Dijkstra’s Algorithm:

• The parsing of each token of the string is performed from left to right.
• In the course of parsing, if values are encountered, it is pushed on value stack.
• Similarly if an operator is encountered, it is pushed on operator stack.
• Parenthesis is important to note if it is right, else it is ignored. When right parenthesis is encountered, an operator is popped along with two values and finally value of the applied result is pushed back to the value or operand stack.

b. Example

Evaluate arithmetic equation, 4 + (8*3).

c. Outcome
The algorithm learnt in this week was Dijkstra’s algorithm. It uses the concept of stack data type majorly hence; the stack implementation using linked-list and arrays was learned. The data structures in this week were fundamental and are important to learn in order to understand working and implementation of Dijkstra’s algorithm. The concepts are now clearer in terms of data structures primarily which has joined many distinct threads.

Week 2
a. Theoretical Discussion
i. Queues
In the first week, stack implementation was learnt using linked-list and arrays. In this week, resizing arrays, queues, generics, iteration and applications of queues were studied.

ii. Definitions

• Resizing arrays: the implementation of stacks it is also important to be able to grow and shrink stacks as per requirements.
• Queues: this is fundamental data types that allows collection of objects with operations enqueue and dequeue. Enqueue operation adds an element in the queue whereas dequeue operation pops the first element added.
• Generics: Generics are implemented in compiler.
• Iterators: Iterations is continuous loop of accessing stack elements.

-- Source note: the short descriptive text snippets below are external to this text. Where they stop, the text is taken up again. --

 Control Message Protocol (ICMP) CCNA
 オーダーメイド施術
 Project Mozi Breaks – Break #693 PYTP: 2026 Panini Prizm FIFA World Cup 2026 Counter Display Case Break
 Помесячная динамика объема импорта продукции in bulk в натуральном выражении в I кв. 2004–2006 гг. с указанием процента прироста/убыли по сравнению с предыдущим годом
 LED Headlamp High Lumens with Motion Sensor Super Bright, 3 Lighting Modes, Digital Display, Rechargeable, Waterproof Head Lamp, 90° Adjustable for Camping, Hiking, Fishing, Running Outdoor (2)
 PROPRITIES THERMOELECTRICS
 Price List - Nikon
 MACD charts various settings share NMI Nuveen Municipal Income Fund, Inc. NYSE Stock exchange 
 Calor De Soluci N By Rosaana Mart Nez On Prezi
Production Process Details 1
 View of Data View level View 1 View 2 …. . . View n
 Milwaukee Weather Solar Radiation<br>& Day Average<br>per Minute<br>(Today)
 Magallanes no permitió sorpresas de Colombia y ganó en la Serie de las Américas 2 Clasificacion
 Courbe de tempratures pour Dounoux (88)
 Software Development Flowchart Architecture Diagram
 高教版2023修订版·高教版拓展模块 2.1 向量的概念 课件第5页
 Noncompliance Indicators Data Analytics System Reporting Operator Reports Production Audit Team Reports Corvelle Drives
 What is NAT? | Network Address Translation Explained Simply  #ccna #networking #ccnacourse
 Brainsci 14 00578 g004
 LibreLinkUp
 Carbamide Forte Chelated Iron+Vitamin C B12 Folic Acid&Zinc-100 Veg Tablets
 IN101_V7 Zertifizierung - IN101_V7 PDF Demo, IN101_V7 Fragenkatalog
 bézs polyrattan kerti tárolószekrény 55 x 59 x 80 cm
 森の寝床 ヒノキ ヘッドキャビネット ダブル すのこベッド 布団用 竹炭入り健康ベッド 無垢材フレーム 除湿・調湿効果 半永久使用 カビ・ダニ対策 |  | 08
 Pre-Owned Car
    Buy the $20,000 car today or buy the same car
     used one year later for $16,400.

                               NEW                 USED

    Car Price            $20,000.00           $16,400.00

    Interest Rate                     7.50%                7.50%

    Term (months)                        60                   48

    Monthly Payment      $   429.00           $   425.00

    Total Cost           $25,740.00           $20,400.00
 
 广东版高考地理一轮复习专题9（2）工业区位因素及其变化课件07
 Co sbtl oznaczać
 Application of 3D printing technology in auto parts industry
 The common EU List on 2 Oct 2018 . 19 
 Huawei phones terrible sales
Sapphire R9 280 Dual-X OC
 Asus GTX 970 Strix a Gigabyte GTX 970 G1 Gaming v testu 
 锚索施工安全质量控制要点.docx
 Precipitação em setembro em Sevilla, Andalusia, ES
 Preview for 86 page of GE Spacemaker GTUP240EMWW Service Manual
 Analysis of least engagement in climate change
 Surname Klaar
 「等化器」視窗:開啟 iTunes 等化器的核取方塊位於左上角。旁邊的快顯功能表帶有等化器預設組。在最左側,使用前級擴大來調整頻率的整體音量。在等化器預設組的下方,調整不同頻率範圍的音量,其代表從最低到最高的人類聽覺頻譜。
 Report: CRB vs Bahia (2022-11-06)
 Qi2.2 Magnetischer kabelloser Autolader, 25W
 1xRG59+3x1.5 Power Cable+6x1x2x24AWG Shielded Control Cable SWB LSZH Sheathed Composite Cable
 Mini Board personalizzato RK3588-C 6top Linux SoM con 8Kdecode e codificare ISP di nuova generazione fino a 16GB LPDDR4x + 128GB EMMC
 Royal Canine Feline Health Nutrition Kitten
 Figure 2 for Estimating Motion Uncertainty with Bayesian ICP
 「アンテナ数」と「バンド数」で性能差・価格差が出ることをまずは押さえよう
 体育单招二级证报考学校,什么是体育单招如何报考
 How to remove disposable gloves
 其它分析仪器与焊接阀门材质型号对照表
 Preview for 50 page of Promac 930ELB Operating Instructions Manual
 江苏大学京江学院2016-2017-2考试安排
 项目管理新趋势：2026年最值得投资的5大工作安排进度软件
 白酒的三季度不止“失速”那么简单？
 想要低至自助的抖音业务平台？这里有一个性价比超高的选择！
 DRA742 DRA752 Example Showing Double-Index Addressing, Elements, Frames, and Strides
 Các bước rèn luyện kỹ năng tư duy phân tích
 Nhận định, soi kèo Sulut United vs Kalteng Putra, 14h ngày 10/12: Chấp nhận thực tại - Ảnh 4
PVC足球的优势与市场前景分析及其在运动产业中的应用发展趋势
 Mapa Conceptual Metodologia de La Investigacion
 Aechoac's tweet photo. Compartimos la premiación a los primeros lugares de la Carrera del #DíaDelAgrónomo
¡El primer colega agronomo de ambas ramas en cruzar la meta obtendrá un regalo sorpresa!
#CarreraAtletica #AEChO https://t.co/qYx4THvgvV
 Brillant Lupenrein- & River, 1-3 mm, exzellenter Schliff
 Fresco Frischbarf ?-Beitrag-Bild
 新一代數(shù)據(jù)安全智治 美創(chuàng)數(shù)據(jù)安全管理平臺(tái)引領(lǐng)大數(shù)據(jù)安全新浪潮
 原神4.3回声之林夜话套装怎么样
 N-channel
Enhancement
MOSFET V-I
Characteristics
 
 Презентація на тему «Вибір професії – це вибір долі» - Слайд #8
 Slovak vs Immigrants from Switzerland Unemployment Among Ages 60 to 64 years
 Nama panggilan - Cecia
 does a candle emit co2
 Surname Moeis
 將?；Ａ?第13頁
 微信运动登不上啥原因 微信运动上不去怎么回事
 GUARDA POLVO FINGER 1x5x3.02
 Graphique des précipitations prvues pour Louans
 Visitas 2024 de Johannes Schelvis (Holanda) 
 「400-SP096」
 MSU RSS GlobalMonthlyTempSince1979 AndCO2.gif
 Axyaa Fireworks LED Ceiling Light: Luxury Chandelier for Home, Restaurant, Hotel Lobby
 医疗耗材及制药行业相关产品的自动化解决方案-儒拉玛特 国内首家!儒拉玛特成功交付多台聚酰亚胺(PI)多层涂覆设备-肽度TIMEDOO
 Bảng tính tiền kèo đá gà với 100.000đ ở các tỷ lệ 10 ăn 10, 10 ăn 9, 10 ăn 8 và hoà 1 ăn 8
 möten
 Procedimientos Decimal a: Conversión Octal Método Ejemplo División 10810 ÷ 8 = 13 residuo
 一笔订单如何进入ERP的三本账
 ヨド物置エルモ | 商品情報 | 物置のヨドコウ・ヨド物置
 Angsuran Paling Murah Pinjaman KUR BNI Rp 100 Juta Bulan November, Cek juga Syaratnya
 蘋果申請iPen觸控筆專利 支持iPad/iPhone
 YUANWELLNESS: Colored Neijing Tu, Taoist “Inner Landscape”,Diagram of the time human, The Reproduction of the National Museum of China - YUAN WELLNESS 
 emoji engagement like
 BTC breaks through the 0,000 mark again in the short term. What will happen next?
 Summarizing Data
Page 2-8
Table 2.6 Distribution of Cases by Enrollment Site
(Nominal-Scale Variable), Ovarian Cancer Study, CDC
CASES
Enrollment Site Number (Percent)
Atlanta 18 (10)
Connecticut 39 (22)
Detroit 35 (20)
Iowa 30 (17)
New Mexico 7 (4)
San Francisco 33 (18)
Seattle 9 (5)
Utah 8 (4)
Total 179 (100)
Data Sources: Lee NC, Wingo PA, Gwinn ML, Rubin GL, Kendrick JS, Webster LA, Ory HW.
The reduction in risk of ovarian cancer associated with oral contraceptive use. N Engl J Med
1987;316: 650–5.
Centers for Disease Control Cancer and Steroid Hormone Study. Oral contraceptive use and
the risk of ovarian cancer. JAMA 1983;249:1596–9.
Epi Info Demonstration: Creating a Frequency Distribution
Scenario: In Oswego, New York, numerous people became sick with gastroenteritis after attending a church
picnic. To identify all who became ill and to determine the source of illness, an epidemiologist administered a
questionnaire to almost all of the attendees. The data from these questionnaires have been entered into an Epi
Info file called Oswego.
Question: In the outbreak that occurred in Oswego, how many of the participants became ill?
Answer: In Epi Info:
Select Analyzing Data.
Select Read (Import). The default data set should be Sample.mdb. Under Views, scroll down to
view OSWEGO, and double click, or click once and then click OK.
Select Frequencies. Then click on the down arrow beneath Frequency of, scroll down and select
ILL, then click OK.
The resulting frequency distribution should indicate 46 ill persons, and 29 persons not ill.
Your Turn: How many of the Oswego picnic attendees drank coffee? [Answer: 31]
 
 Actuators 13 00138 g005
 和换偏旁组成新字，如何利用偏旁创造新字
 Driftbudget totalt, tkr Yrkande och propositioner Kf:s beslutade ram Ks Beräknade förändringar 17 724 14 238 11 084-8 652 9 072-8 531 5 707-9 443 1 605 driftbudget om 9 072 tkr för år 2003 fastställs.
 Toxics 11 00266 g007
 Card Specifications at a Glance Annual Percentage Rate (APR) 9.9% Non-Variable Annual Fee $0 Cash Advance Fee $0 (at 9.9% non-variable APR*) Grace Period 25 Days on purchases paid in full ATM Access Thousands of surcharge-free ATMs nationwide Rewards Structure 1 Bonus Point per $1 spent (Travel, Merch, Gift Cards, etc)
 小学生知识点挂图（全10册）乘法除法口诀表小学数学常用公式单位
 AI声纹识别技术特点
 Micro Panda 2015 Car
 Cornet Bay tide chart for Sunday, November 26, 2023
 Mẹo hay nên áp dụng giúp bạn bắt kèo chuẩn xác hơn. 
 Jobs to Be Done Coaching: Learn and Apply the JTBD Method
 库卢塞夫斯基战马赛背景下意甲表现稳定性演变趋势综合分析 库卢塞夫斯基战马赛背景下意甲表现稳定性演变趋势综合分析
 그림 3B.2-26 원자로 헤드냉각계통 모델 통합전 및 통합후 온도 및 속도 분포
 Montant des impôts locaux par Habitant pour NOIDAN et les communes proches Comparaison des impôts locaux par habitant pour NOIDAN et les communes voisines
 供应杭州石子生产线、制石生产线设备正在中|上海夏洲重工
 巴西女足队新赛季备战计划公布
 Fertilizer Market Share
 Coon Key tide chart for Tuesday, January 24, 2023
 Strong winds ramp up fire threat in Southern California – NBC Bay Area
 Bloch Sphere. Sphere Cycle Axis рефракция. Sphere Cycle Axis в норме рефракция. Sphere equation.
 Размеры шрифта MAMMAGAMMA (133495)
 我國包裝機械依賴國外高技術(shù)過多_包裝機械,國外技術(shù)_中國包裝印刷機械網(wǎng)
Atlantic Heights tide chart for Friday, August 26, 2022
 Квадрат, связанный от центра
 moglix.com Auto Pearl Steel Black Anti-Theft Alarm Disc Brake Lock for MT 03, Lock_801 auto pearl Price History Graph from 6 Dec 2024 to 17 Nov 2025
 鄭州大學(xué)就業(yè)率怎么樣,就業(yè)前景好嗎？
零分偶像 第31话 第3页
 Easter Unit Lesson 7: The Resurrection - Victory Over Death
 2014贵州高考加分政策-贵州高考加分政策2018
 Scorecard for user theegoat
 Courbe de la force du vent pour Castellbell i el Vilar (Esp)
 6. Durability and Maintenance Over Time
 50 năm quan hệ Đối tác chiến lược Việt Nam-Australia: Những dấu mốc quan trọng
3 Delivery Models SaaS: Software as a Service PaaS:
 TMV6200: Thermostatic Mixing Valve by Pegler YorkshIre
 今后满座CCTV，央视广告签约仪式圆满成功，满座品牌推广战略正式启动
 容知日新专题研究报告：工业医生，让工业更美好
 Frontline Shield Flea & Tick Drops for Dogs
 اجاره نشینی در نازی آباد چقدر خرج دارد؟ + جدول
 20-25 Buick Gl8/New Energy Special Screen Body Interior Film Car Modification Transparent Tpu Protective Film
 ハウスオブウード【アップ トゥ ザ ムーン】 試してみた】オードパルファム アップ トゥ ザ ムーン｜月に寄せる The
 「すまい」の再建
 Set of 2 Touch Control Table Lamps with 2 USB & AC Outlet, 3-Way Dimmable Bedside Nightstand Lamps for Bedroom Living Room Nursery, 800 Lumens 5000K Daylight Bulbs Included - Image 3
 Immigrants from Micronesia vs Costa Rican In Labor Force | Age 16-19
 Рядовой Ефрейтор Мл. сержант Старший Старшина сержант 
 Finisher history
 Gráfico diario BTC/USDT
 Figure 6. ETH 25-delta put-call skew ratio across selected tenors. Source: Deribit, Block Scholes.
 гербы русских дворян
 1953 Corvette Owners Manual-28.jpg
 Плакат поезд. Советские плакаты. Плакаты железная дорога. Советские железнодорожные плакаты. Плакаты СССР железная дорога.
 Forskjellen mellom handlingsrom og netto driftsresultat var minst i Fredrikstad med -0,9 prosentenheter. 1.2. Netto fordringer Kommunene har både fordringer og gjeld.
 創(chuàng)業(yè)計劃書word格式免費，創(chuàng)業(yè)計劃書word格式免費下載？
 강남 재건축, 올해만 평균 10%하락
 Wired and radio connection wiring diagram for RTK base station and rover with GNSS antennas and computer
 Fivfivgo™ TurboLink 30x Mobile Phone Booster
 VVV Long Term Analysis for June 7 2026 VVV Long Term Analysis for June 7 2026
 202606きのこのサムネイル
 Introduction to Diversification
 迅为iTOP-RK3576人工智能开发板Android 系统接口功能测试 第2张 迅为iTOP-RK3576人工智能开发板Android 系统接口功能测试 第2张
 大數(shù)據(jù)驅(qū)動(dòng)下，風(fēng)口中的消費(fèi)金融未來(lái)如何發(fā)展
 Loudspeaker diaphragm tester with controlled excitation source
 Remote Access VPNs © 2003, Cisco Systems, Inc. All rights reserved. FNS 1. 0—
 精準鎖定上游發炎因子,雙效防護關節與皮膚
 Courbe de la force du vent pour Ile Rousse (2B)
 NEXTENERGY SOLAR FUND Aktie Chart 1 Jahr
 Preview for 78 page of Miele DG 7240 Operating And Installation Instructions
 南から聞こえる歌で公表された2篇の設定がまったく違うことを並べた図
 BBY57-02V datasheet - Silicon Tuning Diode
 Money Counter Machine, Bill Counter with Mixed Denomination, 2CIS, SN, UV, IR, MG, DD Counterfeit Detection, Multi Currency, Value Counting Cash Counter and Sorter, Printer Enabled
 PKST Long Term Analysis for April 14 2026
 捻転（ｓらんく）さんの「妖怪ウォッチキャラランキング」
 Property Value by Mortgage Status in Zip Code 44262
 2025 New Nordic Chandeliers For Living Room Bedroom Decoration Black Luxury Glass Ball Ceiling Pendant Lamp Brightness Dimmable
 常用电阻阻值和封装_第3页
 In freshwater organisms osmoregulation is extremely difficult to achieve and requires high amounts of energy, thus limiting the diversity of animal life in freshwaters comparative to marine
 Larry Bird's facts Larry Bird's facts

iii. Mathematical Analysis

• Resizing arrays: This is possible using push and pop operators on stack. However, it can be too expensive in worst case scenario hence new way of resizing is studied in this week.
• Queues: To implement queues, doubly linked-list should be used.
• Generics: Generic stack can be implemented using linked-list and arrays.
• Iterators: Iterations of stack can be implemented using Bag API.

b. Working of Queue
Consider an empty queue, Q.

Enqueue 3 elements, 3,4,5; the queues looks like, Q = {3,4,5}

Dequeue an element, Q={4,5}; element popped in 3.

Enqueue an element 7; Q = {4,5,10}

Dequeue and element, Q={5,10}; element popped is 7.

c. Outcome
The resizing concept is tricky and may lead to excess memory loss if the large sized data types are unused. Hence efficient resizing was learned in this week. Many applications of the key concepts were also learned by the end of this week.

Week 3
a. Theoretical Discussion
i. Analysis of Algorithms
Algorithms are the procedural steps to be followed to complete a required task. The analysis of algorithm mainly focuses on its time and space complexity. The analysis covered in this week is completely on running time of various algorithms.

ii. Definitions
Time Complexity is related to the execution time required for an algorithm to execute in the given environment. Space complexity is related to memory space utilized for execution of algorithm.

iii. Mathematical Analysis
The running time of an algorithm depends highly on size of input.

Total running time: sum of cost x frequency for all operations

Cost is related to compiler and machine type whereas frequency relies on the input and its iterations.

b. Reflection on the Contents
i. Example of Notations to calculate running time

c. Outcome
To measure running time, some functions in java were studied. Notations to calculate and present running time of algorithm were studied with examples of calculations. The concepts about running time were not clear before and were more confusing before the topics were covered in this week.

Week 4
a. Theoretical Discussion
i. Sorting
Sorting is the process of rearrangement of elements present in the data structure. In week 4, insertion, selection and shell sorting algorithms were studied.

ii. Definitions

• Insertion Sort: Rearrangement takes place from left to right and it is made sure that each parsed sub set is in ascending order while parsing is in progress.
• Selection Sort: Starts from left and it makes sure that the elements at left are less and elements at right are greater than the index element.
• Shell Sort: Often termed as h-sorting algorithm where h denotes number of elements.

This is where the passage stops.